L’ancien footballeur Éric Cantona a annoncé qu’il boycottait l’événement en raison des polémiques citées précédemment : un geste fort qui a beaucoup fait parler. Seulement, le mal ayant été fait, les associations (comme Greenpeace) invitent aujourd’hui essentiellement les supporters à ne pas se rendre sur place mais a profité de l’événement sportif depuis leurs retransmissions télévisées. Pour protester contre les désastres actés par le Qatar, le geste le plus symbolique demeure le suivant : le refus des personnalités publiques de se rendre à l’événement. Quelques jours avant le début de la compétition, la chanteuse Dua Lipa s’était d’ailleurs exprimée pour démentir les rumeurs sur sa potentielle présence à la cérémonie d’ouverture via un tweet : “Il y a beaucoup de rumeurs sur le fait que je vais chanter à la cérémonie d’ouverture de la Coupe du monde au Qatar. Je ne vais pas le faire et je n’ai jamais été en négociations pour ça. Je vais encourager l’Angleterre de loin et j’ai hâte de visiter le Qatar lorsqu’il aura rempli toutes les promesses qu’il a faites en matière de droits humains quand il a obtenu le droit d’accueillir la Coupe du monde.”

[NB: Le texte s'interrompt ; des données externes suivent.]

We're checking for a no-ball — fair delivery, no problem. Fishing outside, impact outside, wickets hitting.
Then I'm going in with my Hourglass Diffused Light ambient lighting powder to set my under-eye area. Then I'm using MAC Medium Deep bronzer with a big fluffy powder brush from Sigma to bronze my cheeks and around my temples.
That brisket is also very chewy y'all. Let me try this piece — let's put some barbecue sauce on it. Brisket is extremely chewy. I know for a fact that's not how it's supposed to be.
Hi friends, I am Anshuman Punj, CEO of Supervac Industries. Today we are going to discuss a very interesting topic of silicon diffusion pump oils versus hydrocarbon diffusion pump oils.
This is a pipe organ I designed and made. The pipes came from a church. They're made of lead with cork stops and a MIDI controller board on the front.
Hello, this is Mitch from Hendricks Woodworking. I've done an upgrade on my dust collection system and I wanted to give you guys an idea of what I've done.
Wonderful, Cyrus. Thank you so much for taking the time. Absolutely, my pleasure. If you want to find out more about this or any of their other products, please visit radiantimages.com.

Par ailleurs, une autre question subsiste quant à l’organisation des futurs événements sportifs de cette ampleur : Quel est l’avenir de telles compétitions dans un monde de plus en plus confronté à l’enjeu climatique ?

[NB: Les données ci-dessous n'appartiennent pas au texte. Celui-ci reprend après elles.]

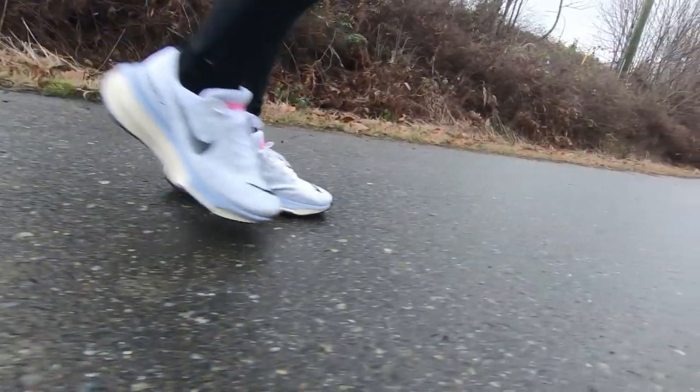Hey guys, Dusty here. As of today I have over 200 miles on my pair of Nike Invincible 3s and I thought now would be a good chance to give my full review. Like always I'll go over the basic specs and then my experience using the shoe over the past few months while I racked up a couple of hundred miles.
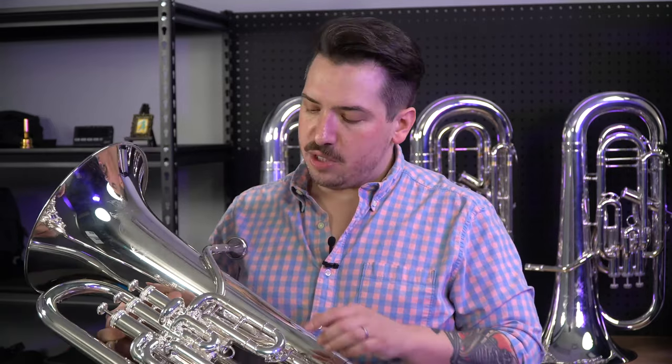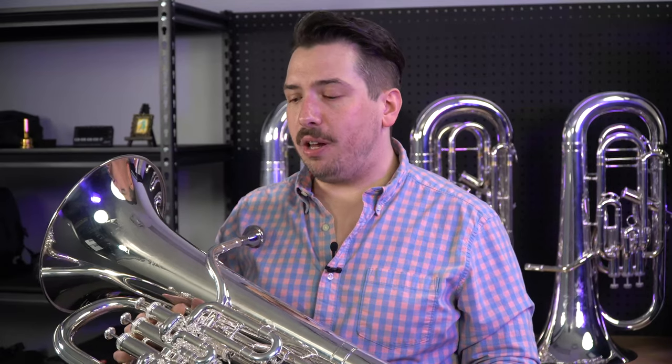The Q41 specifically features a standard weight 11 and a half inch brass bell, as well as a nickel lead pipe. This allows the instrument to have lots of core to the sound and project really, really well. So if you're looking for something to play in a military band, or if you're looking for something to do a lot of solo work on, this is the horn for you.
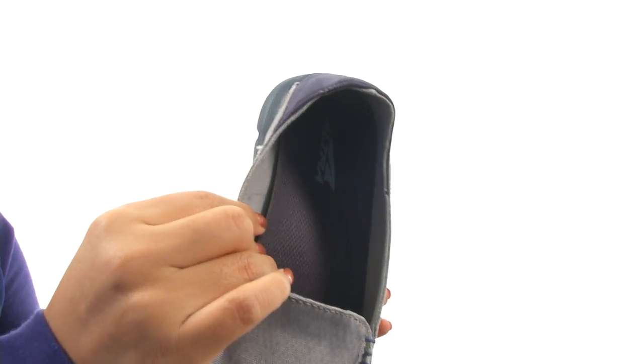On the inside there's soft textile linings for a great next-to-skin feel. There's a lightly padded footbed that is removable, so you can add your own custom orthotics if you like.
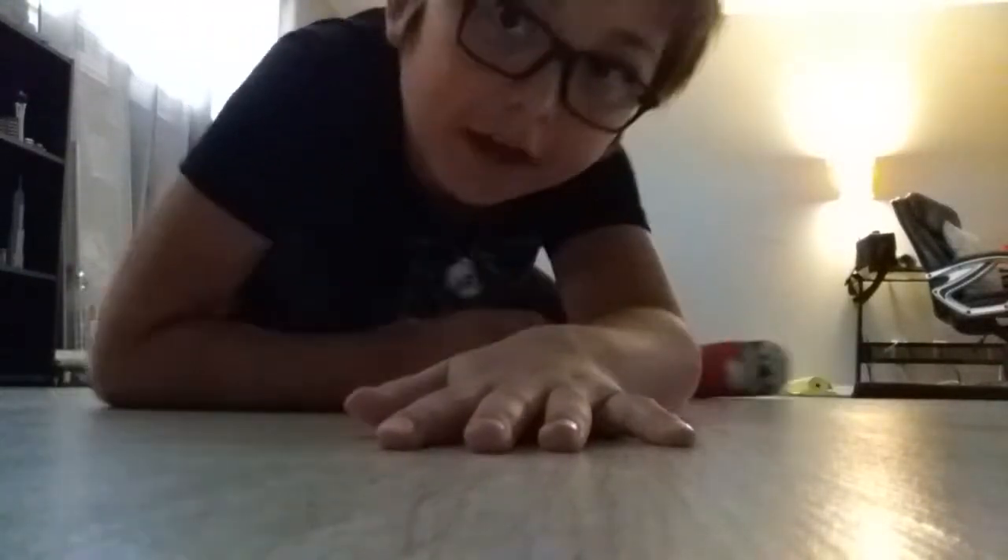Hey guys, welcome to my channel. So I'm gonna do some yoga with my mom — say hi.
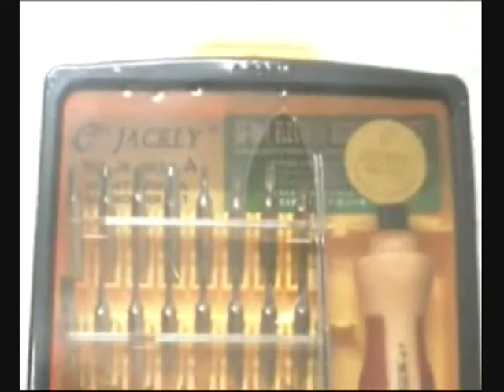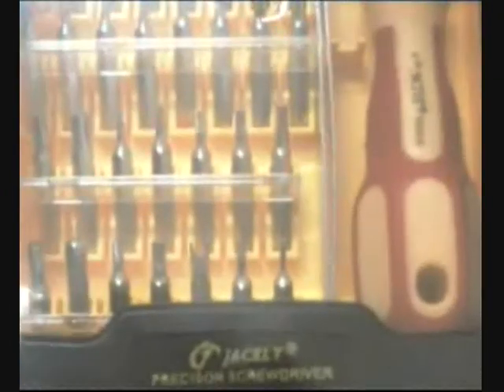For Gadget TV — more than a gadget, this is a gadget tool helper. This is the new Jackly 32-in-one electric screwdriver micro set that comes with every single screwdriver head you need for any gadget you have.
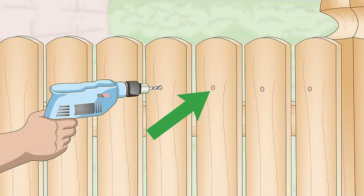You can install a mounting board first — screw it to the fence before hanging the planter, which makes the planter easier to remove later. You can also buy brackets from a home improvement store, screw them to the fence and the planter.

Le Qatar se situe dans une région fortement confrontée aux enjeux climatiques. Depuis plusieurs années, l’Afrique et le Moyen-Orient sont de plus en plus impactés par les pénuries d’eau et l’insécurité alimentaire. De plus, le facteur de l’augmentation des températures est également à prendre en considération : des rapports ont montré que la température dans la région, l’été, avait augmenté de 2 à 3 degrés Celsius depuis le début du siècle précédent. Cette forte augmentation suscite notre intérêt quant à l’organisation de futurs événements sportifs de grande ampleur. De telles compétitions peuvent difficilement être neutres en carbone, mais il ne faut pas, cependant, se fermer à toute proposition progressiste concernant la question. Nous pourrions faire le choix de ne plus construire d’infrastructures pour ce type d’événement, et accorder les jeux sportifs aux pays qui sont en mesure de le faire. Après la catastrophe sociale et écologique des jeux olympiques de 2016 à Rio de Janeiro, de la Coupe du Monde 2022 au Qatar, peut-être est-il venu le temps de contester les aberrations environnementales et humaines que susciteront les jeux d’hiver asiatiques organisés en Arabie Saoudite en 2029 – des épreuves organisées dans des lieux artificiels et qui bafoueront sûrement les droits humains – ? Bien qu’une telle décision reviendrait à exclure certains pays de la possibilité d’organiser de tels événements, pouvons-nous réellement agir autrement dans le contexte climatique actuel ? Enfin, il ne suffit pas d’accorder ces jeux aux pays qui sont en mesure d’en être les hôtes : le mondial du football de 2026 qui se tiendra en Amérique du Nord est moins problématique étant donné que le Canada, les Etats-Unis et le Mexique sont des nations contenant d’ores et déjà les infrastructures nécessaires, mais les voyages à travers les trois pays pour suivre les différents matchs compromettent, une fois de plus, l’image d’une telle compétition. Le véritable remède pour conserver de tels événements sportifs serait donc de les organiser dans un seul pays où les infrastructures sont déjà présentes.